Data for processing:
· · · · · · ·

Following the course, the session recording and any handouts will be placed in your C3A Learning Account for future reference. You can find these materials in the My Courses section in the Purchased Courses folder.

· · · · · · ·

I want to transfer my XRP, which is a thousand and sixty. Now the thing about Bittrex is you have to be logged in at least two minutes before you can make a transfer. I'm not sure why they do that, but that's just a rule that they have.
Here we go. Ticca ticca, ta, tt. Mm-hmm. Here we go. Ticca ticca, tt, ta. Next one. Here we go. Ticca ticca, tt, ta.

· · · · · · ·

Output exactly the lines of the material above from the one containing "I want to transfer" up to and including the one containing "Here we go. Ticca ticca, ta, tt.".

Answer box:
I want to transfer my XRP, which is a thousand and sixty. Now the thing about Bittrex is you have to be logged in at least two minutes before you can make a transfer. I'm not sure why they do that, but that's just a rule that they have.
Here we go. Ticca ticca, ta, tt. Mm-hmm. Here we go. Ticca ticca, tt, ta. Next one. Here we go. Ticca ticca, tt, ta.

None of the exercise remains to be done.